What are intangible goods and services?
An intangible good is an item that it is not possible to physically touch. This includes data, information, software and other digital products. Examples would be eBooks, audio files, graphics, online courses, games and downloadable content.
Services sold on eBay can include artistic work (crafts, interior design, painting, photography), custom clothing, website development (design, hosting, technical support), media editing and home improvement services. Sellers selling services sell their expertise, time or labor (or a combination of all three).
The problem with selling intangible goods and services on eBay
There are three major problems with selling intangible goods and services on eBay, with two being particularly significant.
Sellers looking to sell intangible items should be especially cautious concerning eBay policy. Violating these rules could lead to selling restrictions or even suspension from eBay.
First and foremost, it is imperative to find a way for buyers to confirm that they have received the service or ‘item.’ eBay does not allow sellers to list items that buyers cannot confirm that they have received. Examples of such items include a ghost in a jar or other haunted items.
Personal advice or coaching as well as website traffic driving services are not permitted to be sold on eBay. Perhaps less surprisingly, escort and dating services are banned as well.
Digital products can only be sold by pre-approved sellers who have complied with an extensive list of terms and conditions. Verification of ownership is required or proof that the seller has authorization to legally offer and sell the electronically delivered goods.
Sellers should be careful to avoid intellectual property infringement, as protected by the VeRO program. While it is true that all sellers have to adhere to VeRO policies, they can be easier to forget when selling intangible items.
The second biggest issue is that of seller protection. eBay categorically does not provide any kind of seller protection for services, digital products or intangible goods.
The situation on PayPal is similar, with services, digital products and intangible items also being specifically excluded from their Seller Protection program.
Simply put, if you sell something that is considered to be a service, digital product or intangible and the transaction goes wrong, eBay will not help. If the payment is processed through PayPal, there is also no chance for assistance there either.
Keep in mind that selling intangible items can come with unique challenges. Listing creation, for example, usually focuses on item specifics and photographs. The eBay Feedback and seller performance system were both created with physical items in mind.
Buyer expectations and experience
The third issue relates to buyers. Selling intangible goods and services can be a difficult prospect even in traditional retail marketplaces. Buyers are, however, more familiar with buying these kinds of products offline.

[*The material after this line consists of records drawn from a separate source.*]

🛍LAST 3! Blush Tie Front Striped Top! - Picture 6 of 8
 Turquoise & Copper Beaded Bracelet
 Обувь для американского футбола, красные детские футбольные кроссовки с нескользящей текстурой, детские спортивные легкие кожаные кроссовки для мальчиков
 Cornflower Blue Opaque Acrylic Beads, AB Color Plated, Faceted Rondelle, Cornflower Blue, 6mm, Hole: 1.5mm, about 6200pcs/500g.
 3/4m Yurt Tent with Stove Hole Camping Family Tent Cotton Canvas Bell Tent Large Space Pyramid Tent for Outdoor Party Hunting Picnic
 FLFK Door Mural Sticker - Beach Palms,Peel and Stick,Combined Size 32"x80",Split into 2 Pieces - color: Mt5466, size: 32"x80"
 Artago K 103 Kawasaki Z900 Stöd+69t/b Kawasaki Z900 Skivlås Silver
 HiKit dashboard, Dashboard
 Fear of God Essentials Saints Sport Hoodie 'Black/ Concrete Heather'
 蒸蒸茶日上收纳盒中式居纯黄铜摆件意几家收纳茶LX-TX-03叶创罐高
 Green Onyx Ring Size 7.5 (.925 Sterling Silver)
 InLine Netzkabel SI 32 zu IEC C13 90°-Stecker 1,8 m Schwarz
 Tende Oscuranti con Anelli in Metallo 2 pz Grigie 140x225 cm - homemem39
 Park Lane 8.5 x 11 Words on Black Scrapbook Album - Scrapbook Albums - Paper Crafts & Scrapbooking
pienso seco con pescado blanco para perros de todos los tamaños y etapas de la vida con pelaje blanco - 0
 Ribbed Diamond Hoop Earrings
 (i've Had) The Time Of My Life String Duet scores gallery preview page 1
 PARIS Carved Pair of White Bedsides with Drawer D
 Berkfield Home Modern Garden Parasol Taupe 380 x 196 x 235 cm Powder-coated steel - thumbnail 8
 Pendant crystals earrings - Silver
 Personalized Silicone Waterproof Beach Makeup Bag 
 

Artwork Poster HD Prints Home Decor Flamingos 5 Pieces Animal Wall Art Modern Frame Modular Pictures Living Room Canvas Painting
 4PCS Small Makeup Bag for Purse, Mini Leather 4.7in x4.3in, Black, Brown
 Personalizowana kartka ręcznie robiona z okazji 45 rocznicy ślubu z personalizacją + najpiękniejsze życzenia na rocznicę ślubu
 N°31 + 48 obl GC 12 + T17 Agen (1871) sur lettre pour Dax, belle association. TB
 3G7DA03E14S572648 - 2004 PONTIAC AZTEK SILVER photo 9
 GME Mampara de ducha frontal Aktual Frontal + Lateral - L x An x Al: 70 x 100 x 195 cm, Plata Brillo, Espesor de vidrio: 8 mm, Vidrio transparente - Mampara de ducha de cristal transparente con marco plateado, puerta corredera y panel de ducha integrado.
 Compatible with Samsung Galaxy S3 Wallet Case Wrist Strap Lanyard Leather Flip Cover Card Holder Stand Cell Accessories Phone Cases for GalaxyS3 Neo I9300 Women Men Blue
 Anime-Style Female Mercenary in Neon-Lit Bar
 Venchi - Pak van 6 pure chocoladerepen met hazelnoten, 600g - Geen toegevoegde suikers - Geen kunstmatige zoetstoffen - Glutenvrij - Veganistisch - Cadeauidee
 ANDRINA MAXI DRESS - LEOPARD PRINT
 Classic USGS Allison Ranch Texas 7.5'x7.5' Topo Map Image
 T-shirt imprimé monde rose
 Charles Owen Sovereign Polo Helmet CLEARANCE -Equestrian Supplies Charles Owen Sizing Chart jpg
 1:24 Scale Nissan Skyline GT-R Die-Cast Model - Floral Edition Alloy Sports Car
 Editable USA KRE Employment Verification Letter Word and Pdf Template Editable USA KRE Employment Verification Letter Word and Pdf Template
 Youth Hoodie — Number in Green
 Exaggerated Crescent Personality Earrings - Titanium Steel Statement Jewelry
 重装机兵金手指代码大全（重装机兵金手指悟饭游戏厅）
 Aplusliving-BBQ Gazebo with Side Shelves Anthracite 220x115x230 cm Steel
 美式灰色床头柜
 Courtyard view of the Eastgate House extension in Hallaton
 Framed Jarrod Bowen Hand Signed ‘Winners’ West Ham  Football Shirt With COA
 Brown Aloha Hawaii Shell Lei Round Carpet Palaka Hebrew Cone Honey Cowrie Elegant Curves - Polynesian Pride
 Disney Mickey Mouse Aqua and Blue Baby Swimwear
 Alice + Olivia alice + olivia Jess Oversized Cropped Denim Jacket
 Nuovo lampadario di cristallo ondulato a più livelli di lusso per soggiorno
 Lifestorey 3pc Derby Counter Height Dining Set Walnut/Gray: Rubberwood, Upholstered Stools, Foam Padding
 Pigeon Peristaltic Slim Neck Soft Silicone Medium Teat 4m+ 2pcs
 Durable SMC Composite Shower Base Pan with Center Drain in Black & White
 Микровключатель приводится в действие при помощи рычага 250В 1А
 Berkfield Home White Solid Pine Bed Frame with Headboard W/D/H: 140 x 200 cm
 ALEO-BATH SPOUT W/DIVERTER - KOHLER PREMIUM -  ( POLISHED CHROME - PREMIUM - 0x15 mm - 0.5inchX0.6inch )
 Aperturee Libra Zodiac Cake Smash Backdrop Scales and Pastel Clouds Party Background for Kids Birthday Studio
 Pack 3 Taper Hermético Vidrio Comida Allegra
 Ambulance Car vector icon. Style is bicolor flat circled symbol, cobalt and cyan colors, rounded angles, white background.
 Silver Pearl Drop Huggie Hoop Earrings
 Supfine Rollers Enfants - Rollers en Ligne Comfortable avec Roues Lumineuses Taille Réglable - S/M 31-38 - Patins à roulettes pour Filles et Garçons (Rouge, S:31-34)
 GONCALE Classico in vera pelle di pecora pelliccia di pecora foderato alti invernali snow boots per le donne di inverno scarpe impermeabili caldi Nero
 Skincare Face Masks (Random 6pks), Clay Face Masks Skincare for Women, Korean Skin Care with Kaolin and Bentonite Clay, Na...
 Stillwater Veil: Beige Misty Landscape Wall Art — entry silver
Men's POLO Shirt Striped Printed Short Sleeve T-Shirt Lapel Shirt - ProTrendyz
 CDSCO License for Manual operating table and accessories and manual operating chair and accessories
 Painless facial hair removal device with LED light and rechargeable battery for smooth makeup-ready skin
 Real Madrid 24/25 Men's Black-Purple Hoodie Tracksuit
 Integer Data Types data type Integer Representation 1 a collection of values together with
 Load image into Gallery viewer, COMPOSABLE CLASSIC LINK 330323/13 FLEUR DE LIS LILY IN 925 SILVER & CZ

In addition, eBay is known best for being an online marketplace for second hand goods. While there is an ongoing marketing program to encourage buyers to think of eBay when buying new products too, this does not highlight services and intangible items.
Like sellers, buyers are also not protected when buying intangible items on eBay. The Money Back Guarantee specifically excludes items in certain categories, which includes services, intangible goods and digital content.
These factors could be a crucial barrier for sellers attempting to sell these kind of items on eBay.
Is it worth selling intangible goods and services on eBay?
Based on the lack of protection if something goes wrong, most experienced eBay sellers would say no to this question. Selling intangible goods online is already somewhat risky but this danger is elevated when using a platform that is not designed for it.
Primarily known and used to sell tangible items, eBay is not the ideal online marketplace for selling services and nonphysical products. In addition to the problem of buyers not accustomed to such items being sold, there is no protection for sellers if something goes wrong.
For some people, however, the billion dollar marketplace that eBay provides is too lucrative to set aside. In this case, the seller should tread carefully, consider low priced items only and be prepared to pivot their marketing plan if needed.